## Input data
════════

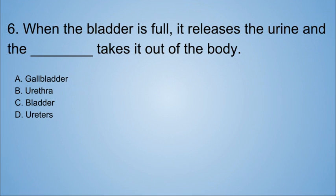Question six: when the bladder is full, it releases the urine and the blank takes it out of the body. A. Gallbladder. B. Urethra. C. Bladder. D. Ureters. Let's see if you can figure it out. The answer is urethra.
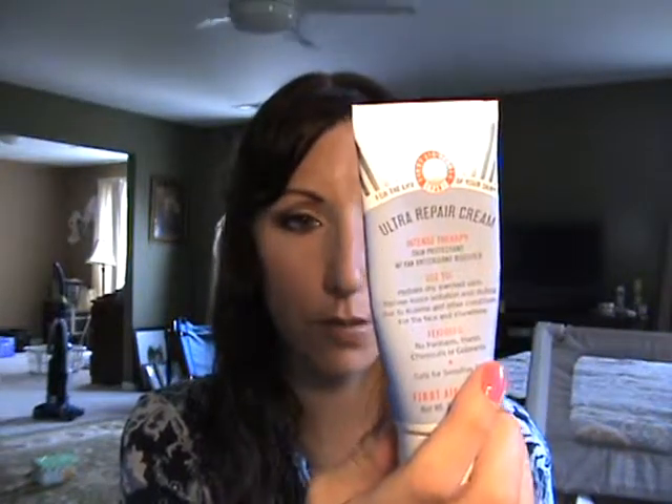Finally, this hand cream: First Aid Beauty Ultra Repair Cream Intense Therapy Skin Protectant with FAB Antioxidant Booster. I bought the big tub and keep it by the bed to apply at night. It has oatmeal as an ingredient, similar to Aveeno, but I believe it's all-natural with no weird chemicals. If you put it on at night you wake up with very soft hands. I will definitely repurchase this one.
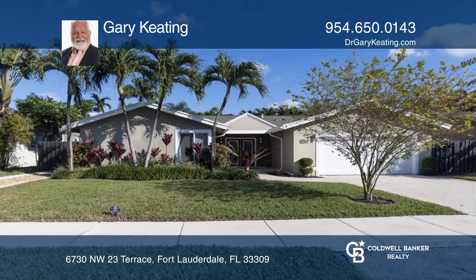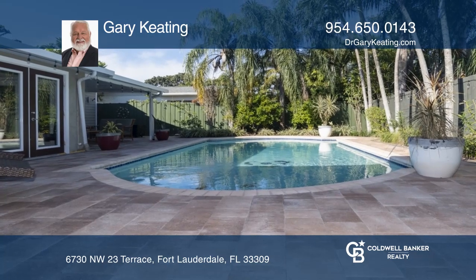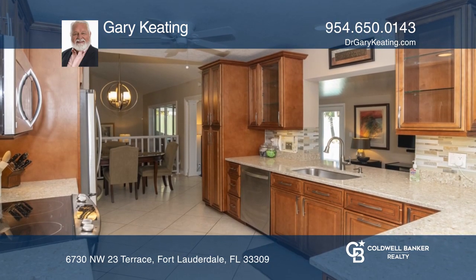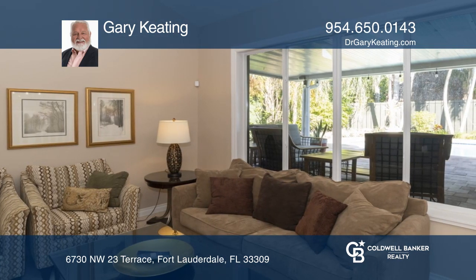This four-bedroom home offers stunning curb appeal and amenities. The kitchen with quartz countertops opens to the dining room and informal seating area. The classic sunken living room has a cathedral ceiling.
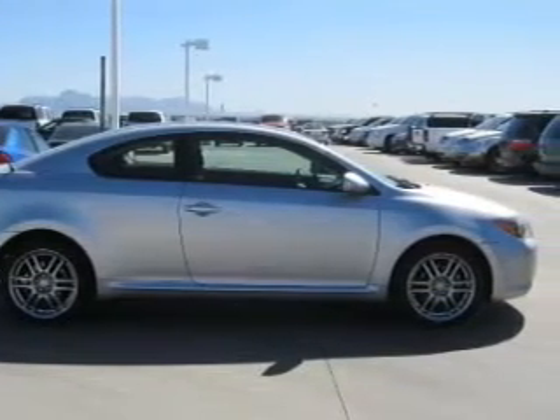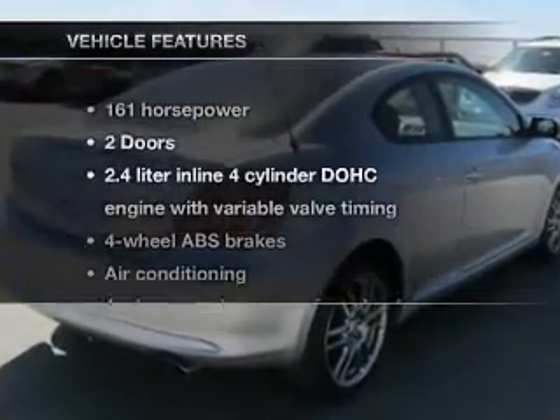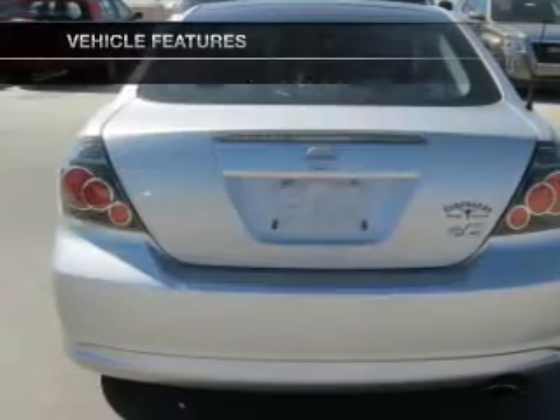Anti-lock brakes help you bring your vehicle to a safe stop. Let the sun shine in with a sunroof. And with these notable features, you won't want to miss out on the opportunity to own this amazing ride.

════════

From the first line to the last, copy the listing above exactly and leave out the images.

## Solution to the problem
Question six: when the bladder is full, it releases the urine and the blank takes it out of the body. A. Gallbladder. B. Urethra. C. Bladder. D. Ureters. Let's see if you can figure it out. The answer is urethra.
Finally, this hand cream: First Aid Beauty Ultra Repair Cream Intense Therapy Skin Protectant with FAB Antioxidant Booster. I bought the big tub and keep it by the bed to apply at night. It has oatmeal as an ingredient, similar to Aveeno, but I believe it's all-natural with no weird chemicals. If you put it on at night you wake up with very soft hands. I will definitely repurchase this one.
This four-bedroom home offers stunning curb appeal and amenities. The kitchen with quartz countertops opens to the dining room and informal seating area. The classic sunken living room has a cathedral ceiling.
Anti-lock brakes help you bring your vehicle to a safe stop. Let the sun shine in with a sunroof. And with these notable features, you won't want to miss out on the opportunity to own this amazing ride.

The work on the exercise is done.